Онъ добавляетъ тихимъ и глубокимъ голосомъ:

— Трудно видѣть суету, и читать, и слушать споры. Потянуло меня къ тихости. Вотъ, пишу «Лѣто Господне благопріятно»’. Праздники, и какъ они въ быту отражались, и ритмъ ихъ — и во всемъ глубокій смыслъ: духовный, божественный, и космическій, и душевность народная… Но одного нельзя, нельзя забывать. Все человѣчество въ опасности отхода отъ своего божьяго образа, и мы всѣ передъ нимъ должники… Вы на меня не обижайтесь — я такія простецкія вещи говорю. Не подумайте, что я наставленіе вамъ читаю. Много я всѣмъ этимъ мучаюсь…

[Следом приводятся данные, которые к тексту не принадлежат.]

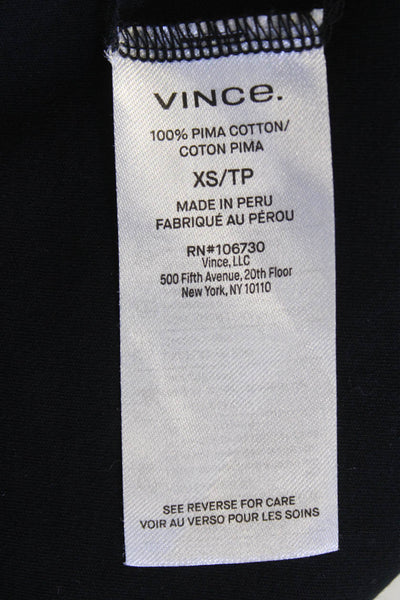 Vince Women Basic Jersey T-Shirt Black Crewneck 3/4 Sleeve Pima Cotton Size XS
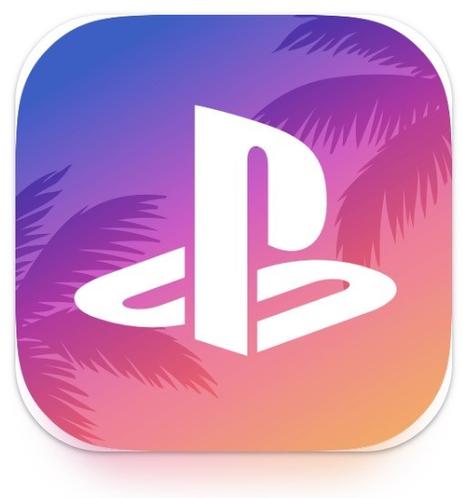 PlayStation App Logo im GTA 6 Stil mit Blau Lila Orange Farbverlauf und Palmen.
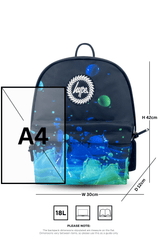 Hype Black 3D Droplets backpack side view showing padded straps and pockets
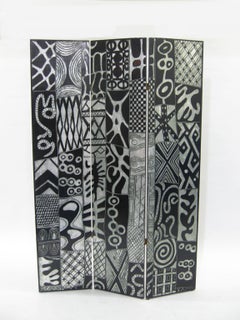 Dramatic Gilded Silver and Black Lacquer Folding Screen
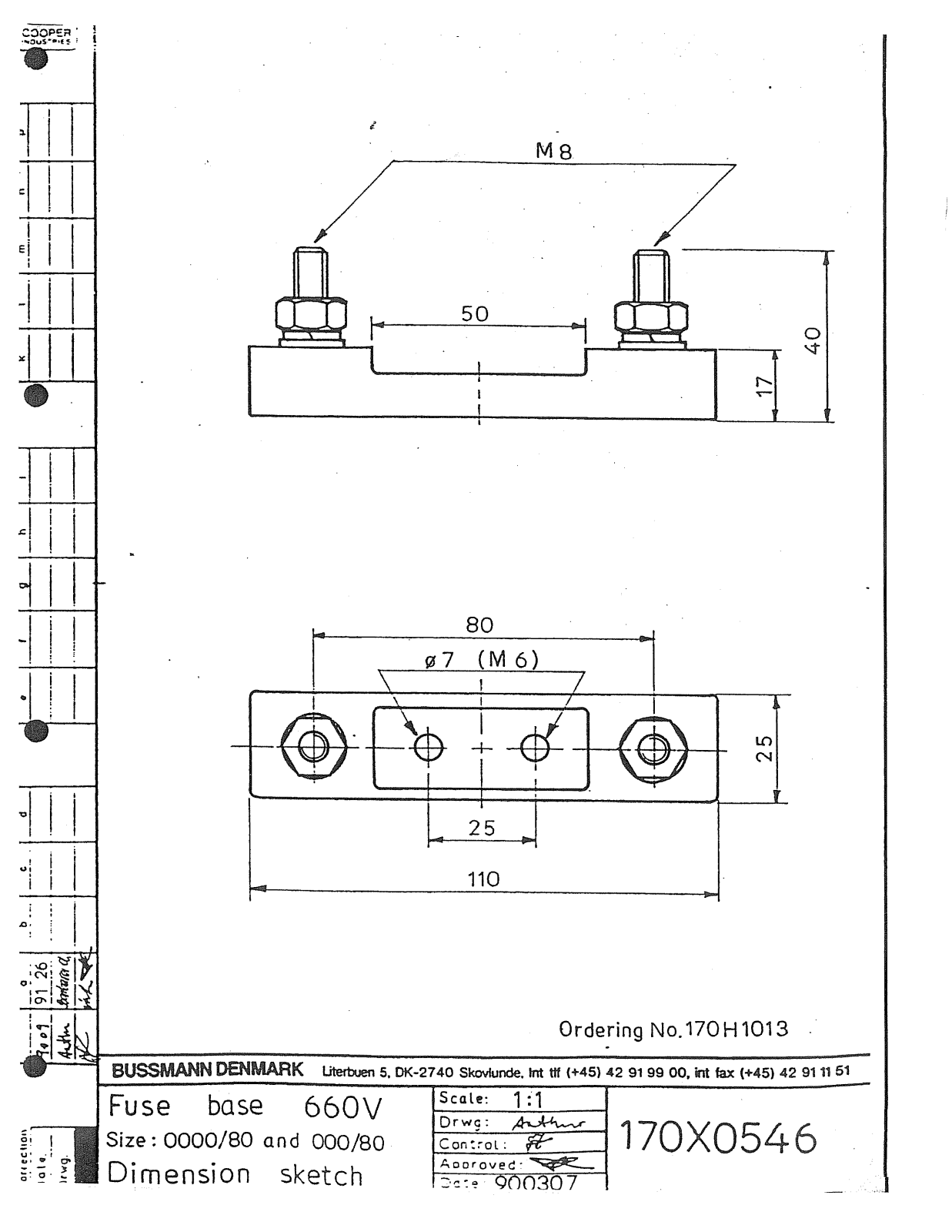 Bussmann 170H1013 Dimensional Sheet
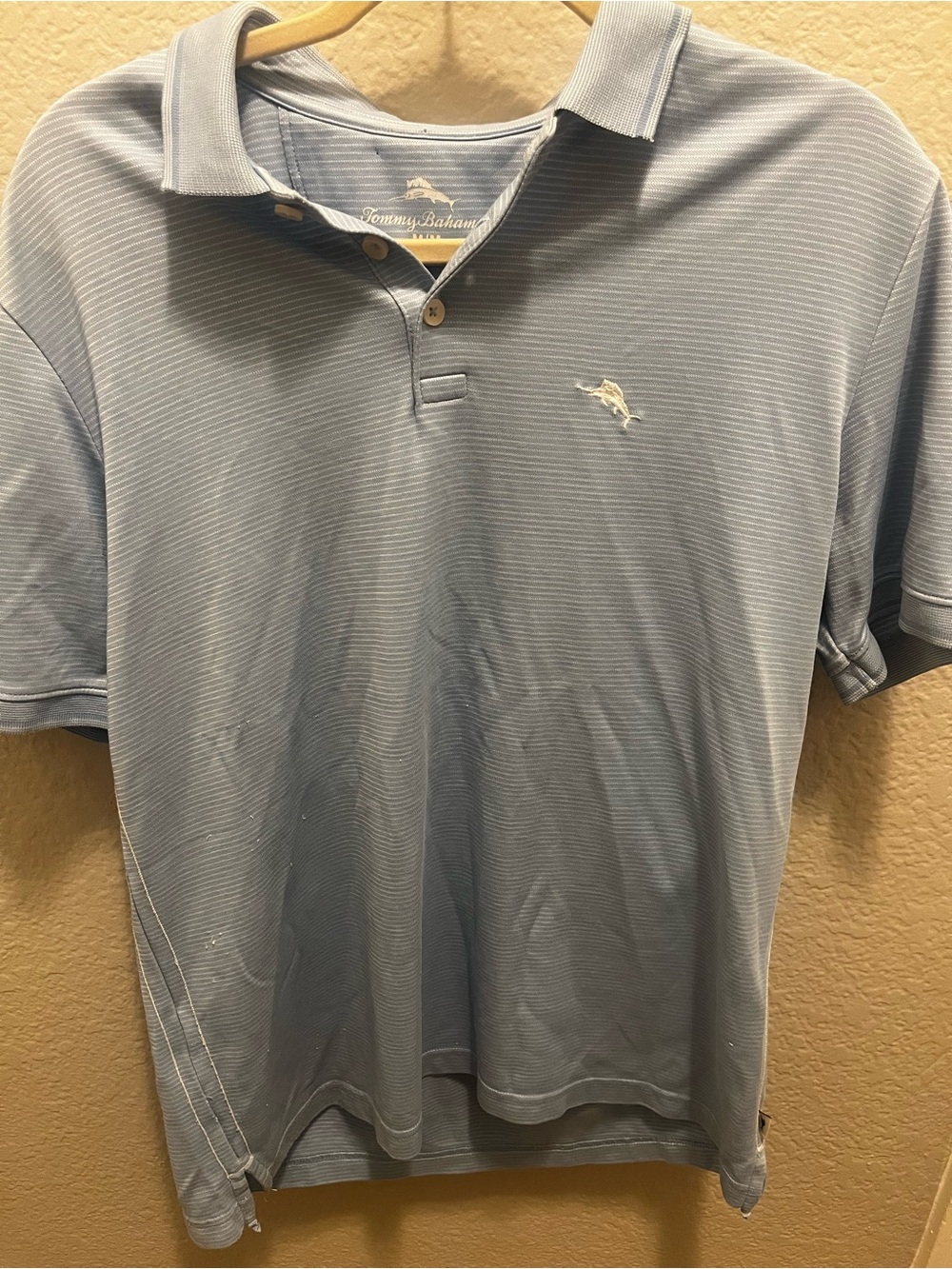 Tommy Bahama Polo Shirt Mens Medium Blue Micro Stripe Short Sleeve Marlin Logo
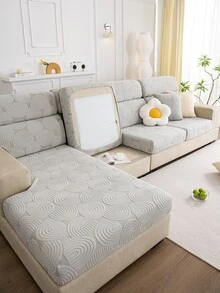1入組四季沙發套彈力長沙發軟墊,防滑截面長沙發覆蓋,截面沙發套保護適用於貓,寵物,兒童 - 淺灰色 - 查看 6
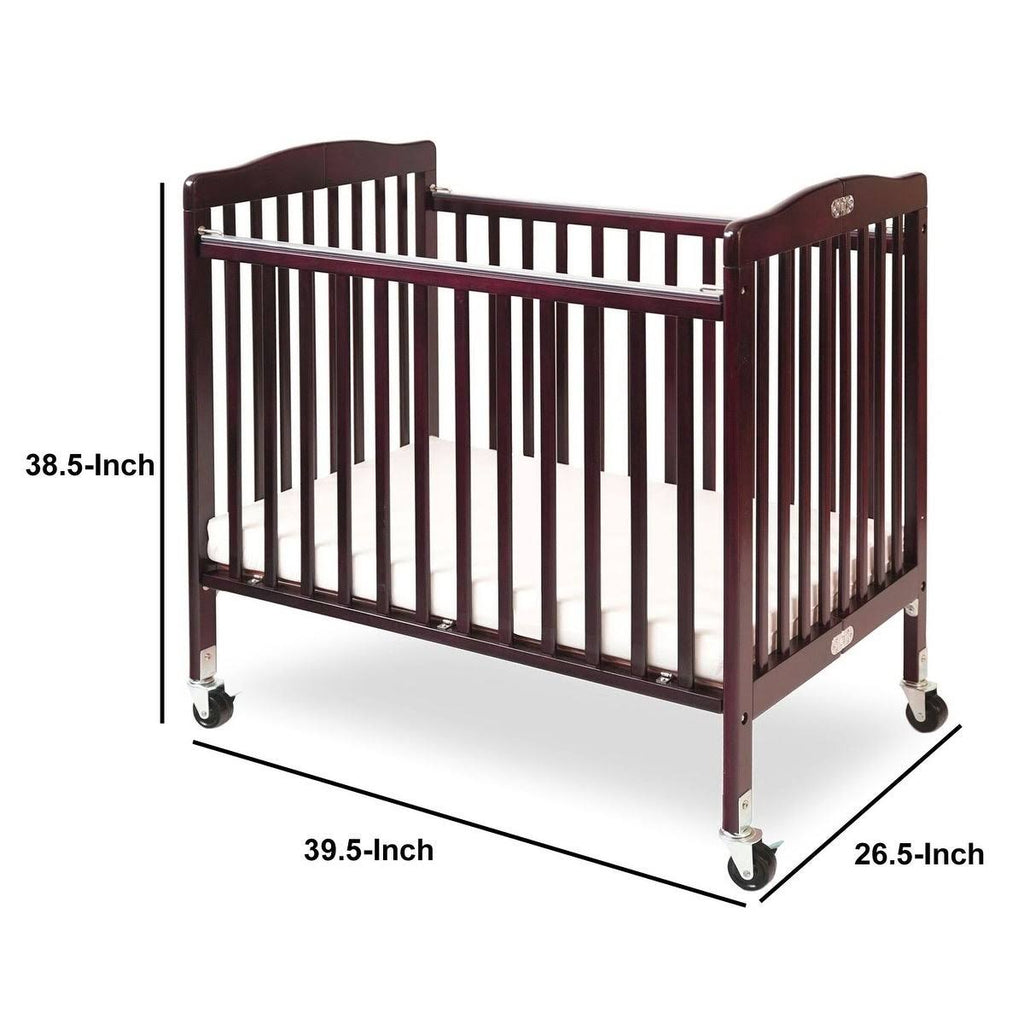 Foldable Wooden Crib with Caster D383560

Зимнія сумерки. Рѣдкія звѣзды. Тихо, но по зеленому небу невидимый, высокій вѣтеръ несетъ свѣтло-огненныя облака, за ними бѣлыя и малиновыя. Я иду на вокзалъ, и эти облака, проносящіяся надъ городомъ, надъ Франціей, надъ Европой вызываютъ во мнѣ странное воспоминаніе. Я повторяю шопотомъ: «Ивиковы журавли». Этотъ щемящій образъ не оставляетъ меня, пока идущій изъ Парижа на югъ тяжелый и мощный паровикъ не застилаетъ облака черными клубами, въ которыхъ дрожатъ рѣдкія искры.

Н. Городецкая.
Возрожденіе, № 2070, 1 февраля 1931.